Lá por 300 a.C., veio a decadência pra valer. Na cidade mais importante do Egito, pegaram e fizeram um prédio só para guardar textão. Era a Biblioteca de Alexandria, que funcionava como um HD gigante, cheio de posts idiossincráticos.
A epidemia, então, foi tomando o planeta. O único momento em que a produção de textões deu uma baixada foi a Idade Média. Mas tal como um Aedes Aegypti, a praga do textão voltou das cinzas e para assombrar a humanidade.
Recuperaram os textões dos gregos (putz…), e até criaram uma máquina de reproduzir textões: a prensa de tipos móveis.
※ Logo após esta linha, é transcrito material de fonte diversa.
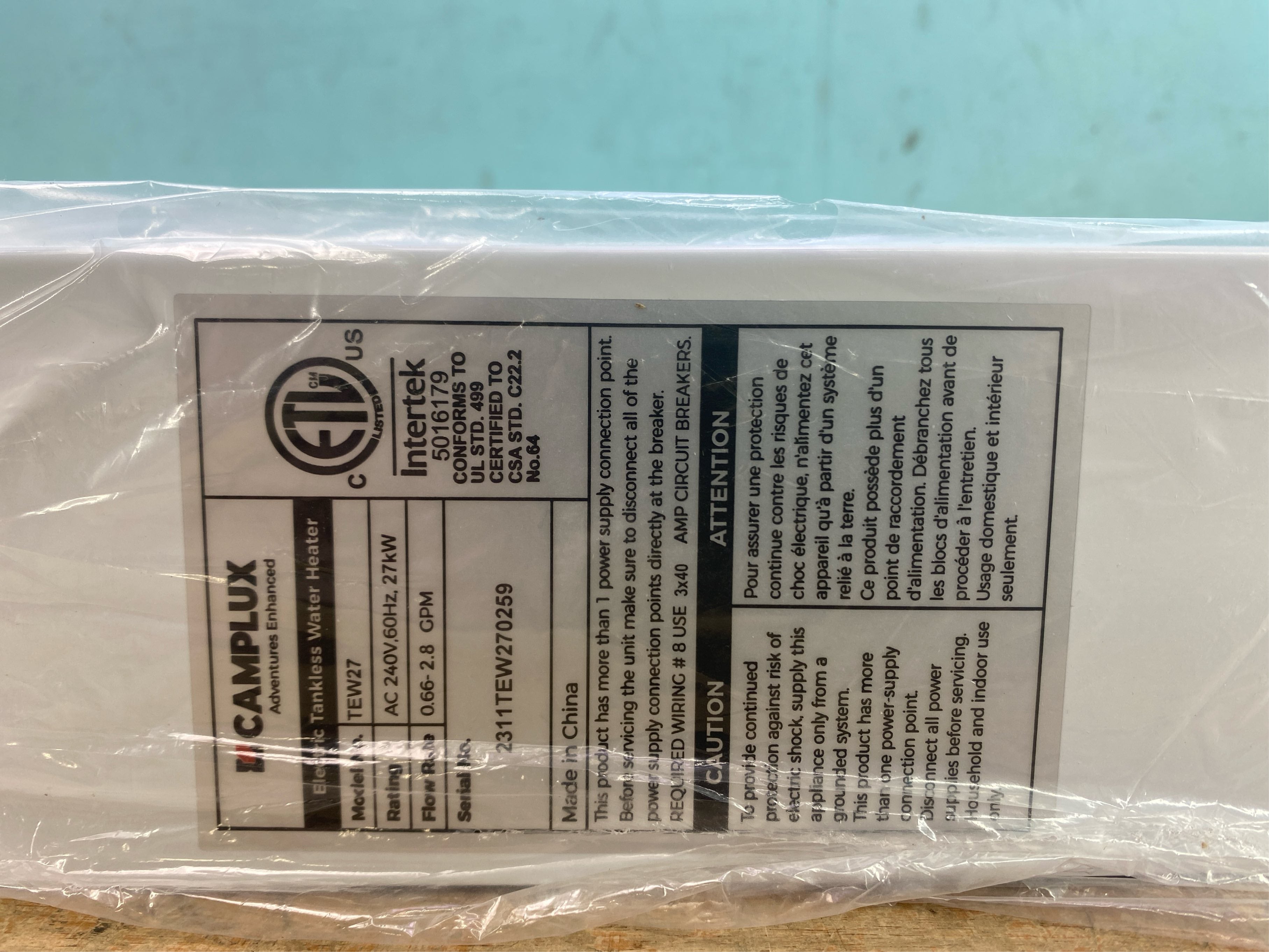 27 kW 5.1 GPM 240 Volt Electric Tankless Water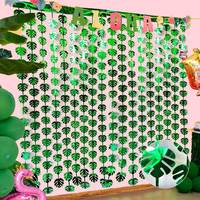 Hawaiian Party Forest-Themed rideau de pluie décoration tortue feuille rideau de pluie accessoire pour jardin cadre en plastique pour la décoration de fête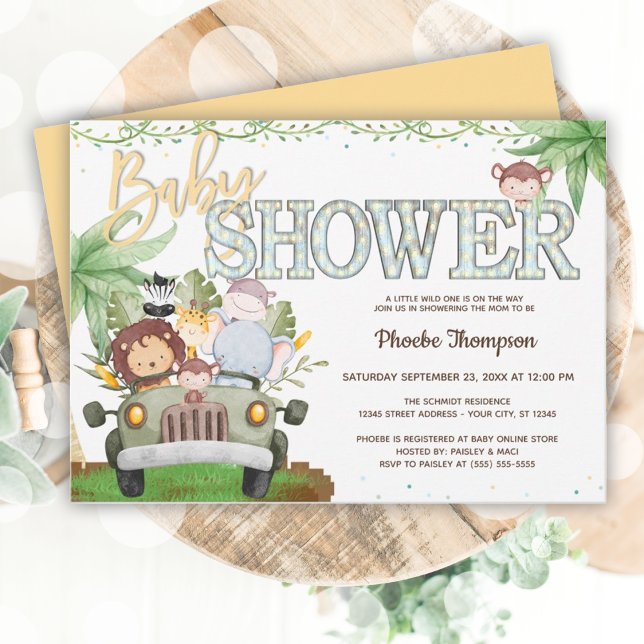 Convites Chá de fraldas de Safari Amarelo (Yellow Safari Animals Baby Shower Invitation)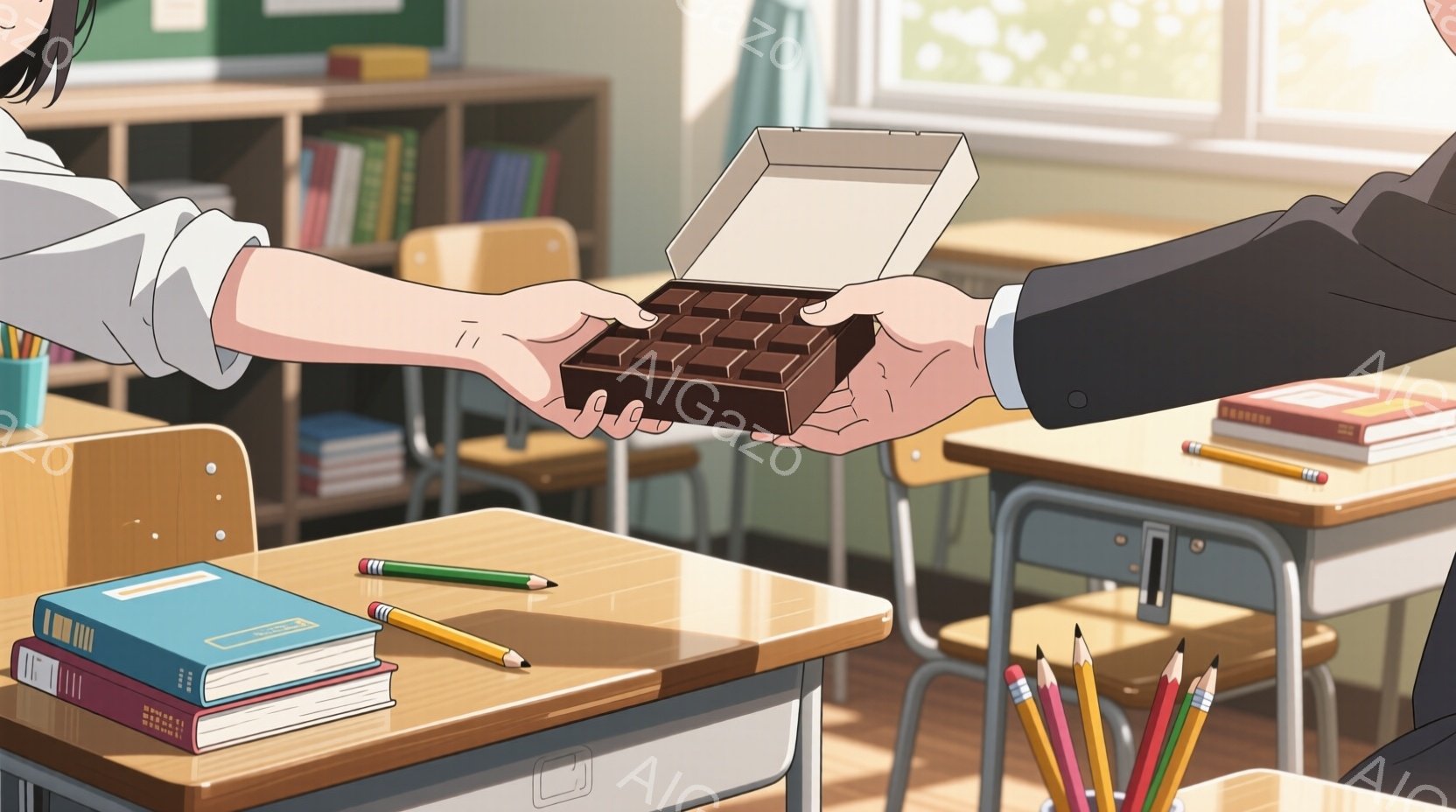 教室の机の上で、一人がチョコレートの箱をもう一人に差し出している場面です。 チョコレートの箱は開いており、中には茶色いチョコレートが並んでいます。 背景には他の机や椅子が見え、教室の穏やかな雰囲気が伝 - AI生成フリー素材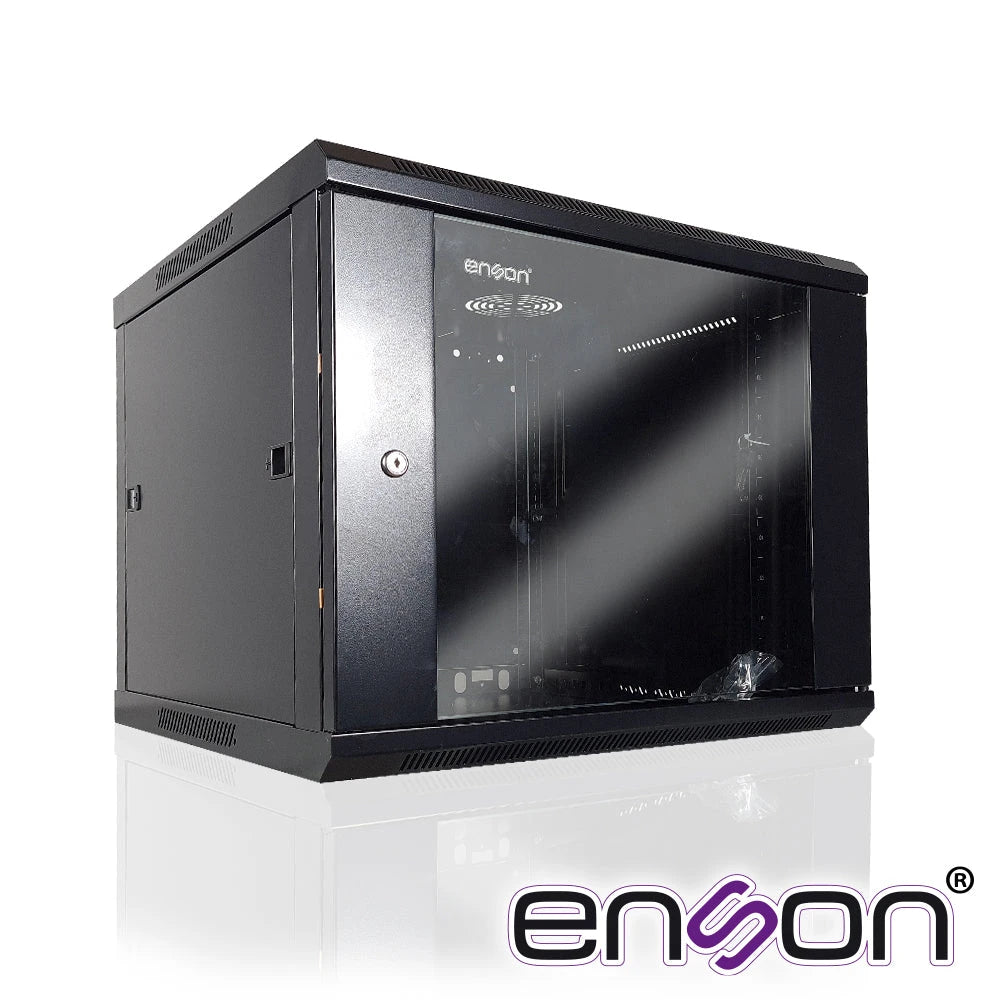 GABINETE DE PARED ENSON ENS-RKGB9U 9UR PUERTA FRONTAL DE CRISTAL TEMPLADO CON CERRADURA DE SEGURIDAD RANURAS DE VENTILACION EN LA PARTE SUPERIOR PARA 2 VENTILADORES DE 11 CM 600X600X501MM-Racks y Gabinetes-ENSON-Bsai Seguridad & Controles
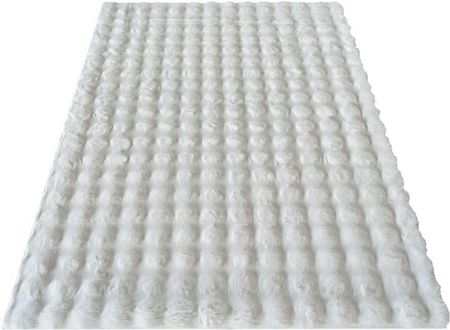 Pluszowy dywan Marley soft 3D white snow biały 080x150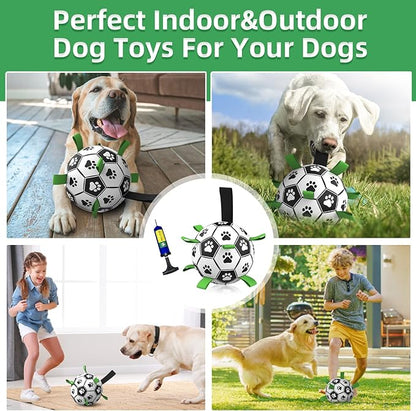QDAN Dog Toys Extra Large Soccer Ball with Straps, Interactive Dog Toys for Tug of War, Puppy Birthday Gifts, Dog Tug Toy, Dog Water Toy, Durable Dog Balls World Cup for Large Dogs（9 Inch）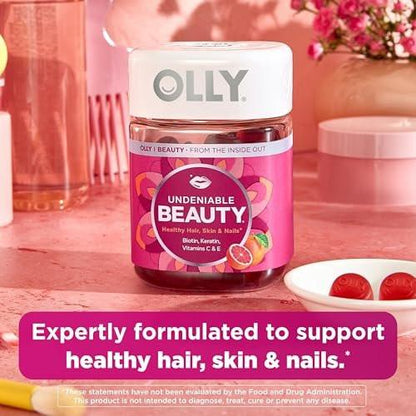 Olly Undeniable Beauty Gummis – Grapefruit Glam, 60 Stück – Nahrungsergänzungsmittel mit Biotin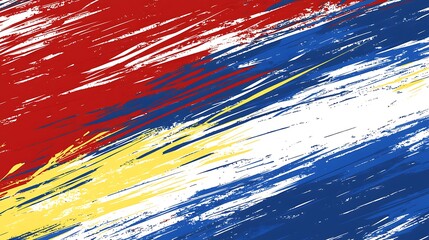Fototapeta premium Abstract background with red, blue, yellow, and white diagonal brushstrokes.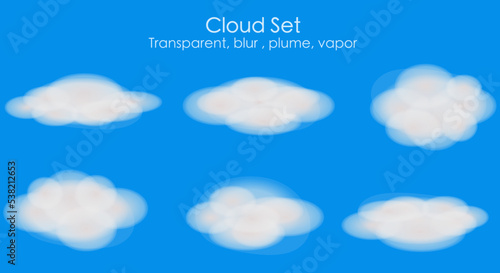Cloud set. Transparent blur, plume, vapor. Nature chubby long splayed. Cartoon altocumulus, cumulus realistic, collection. Summer, spring blue sky background. Illustration vector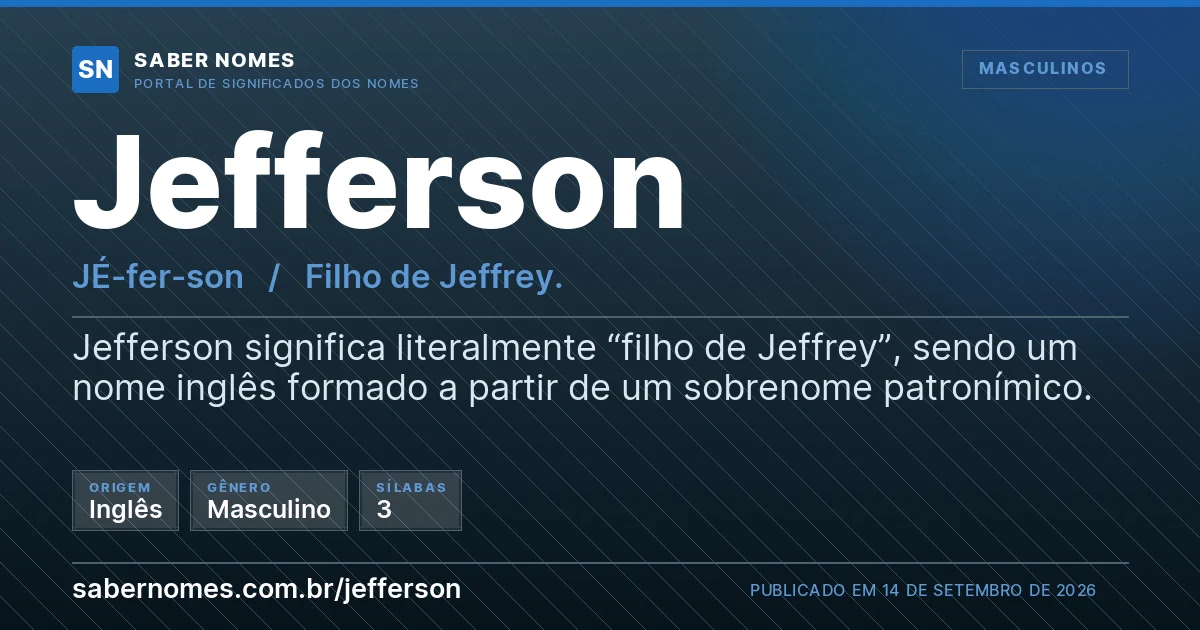 Imagem com o significado do nome Jefferson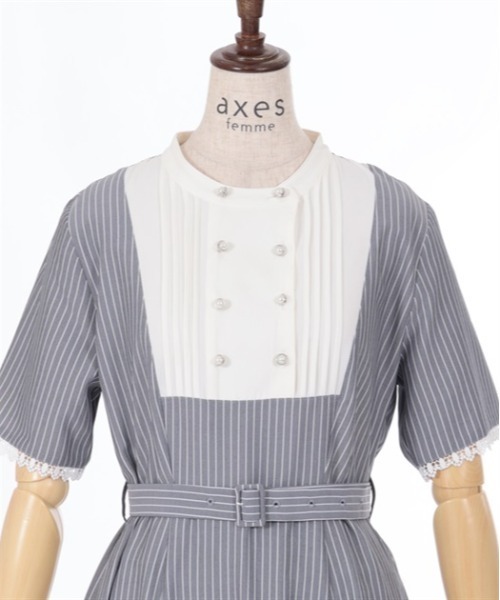 axes femme（アクシーズファム）の「フレンチマリンストライプワンピース（ワンピース・レディース・ホワイト/ブルー/グレー・FREE）」の21枚目の写真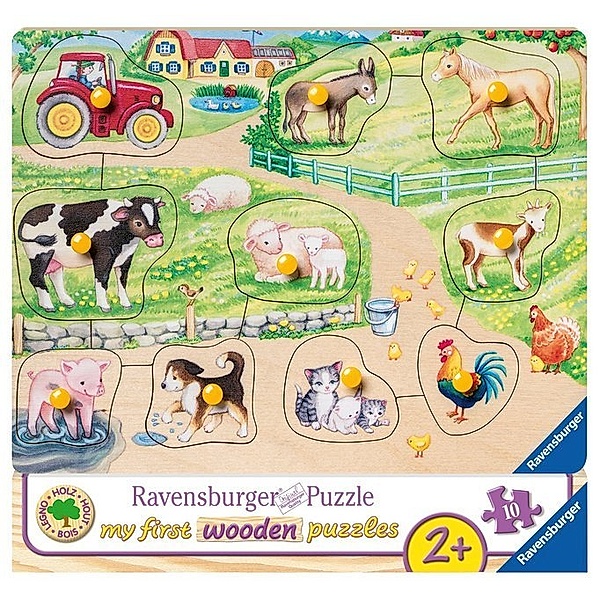 Ravensburger Verlag My first wooden puzzle  – Morgens auf dem Bauernhof 10-teilig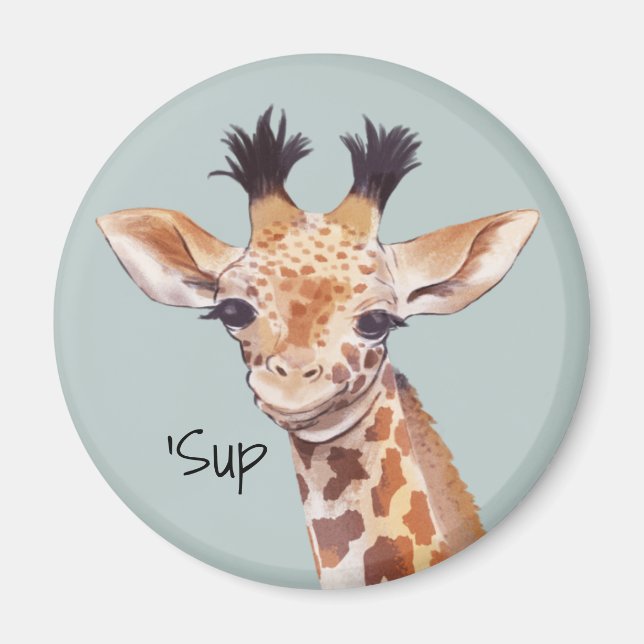 Funny Baby Giraffe Personlig Magnet (Framsidan)
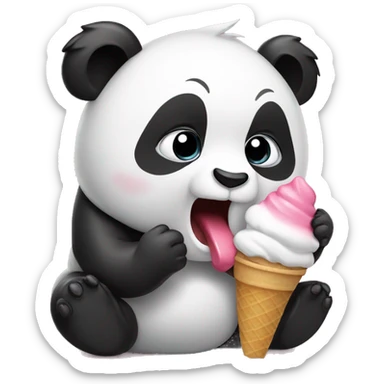 Panda eating ice cream sticker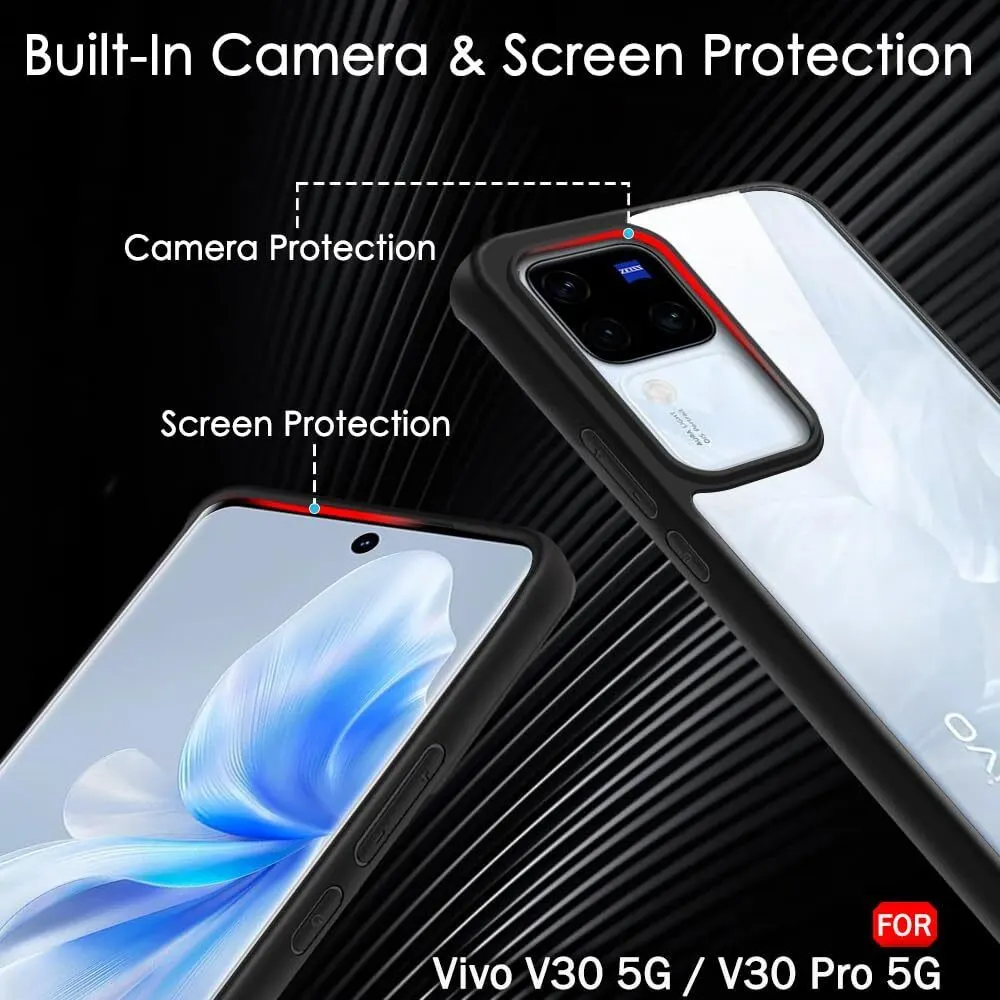 Micvir Back Cover for Vivo V30 5G (Transparent, Black, Shock Proof, Plastic, Silicon, Pack of: 1) — image 3 of 5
Aí choveu caçador de like: Cervantes, Shakespeare, Descartes, Spinoza, Rousseau, Hobes, Locke, Dostoiévski…. Não bastasse esse bando de pré-blogueiro, começou um fla-flu insuportável. De um lado, os coxinhas dos infernos: Adam Smith, Hayeck, Friedman. Do outro, a petralhada desgracenta: Marx, Sartre, Hobsbawm.
E chegamos ao caos de hoje. A esse obscurantismo profundo causado por quatro mil anos de textões. Já deu. Você também quer acabar com essa palhaçada? Então faça como eu: não poste textão. Não compartilhe textão. Vamos colocar só foto de cachorro, imagem da nossa cara, gif de panda nessa porra. Porque a história está de prova: texto é coisa de quem não tem o que dizer.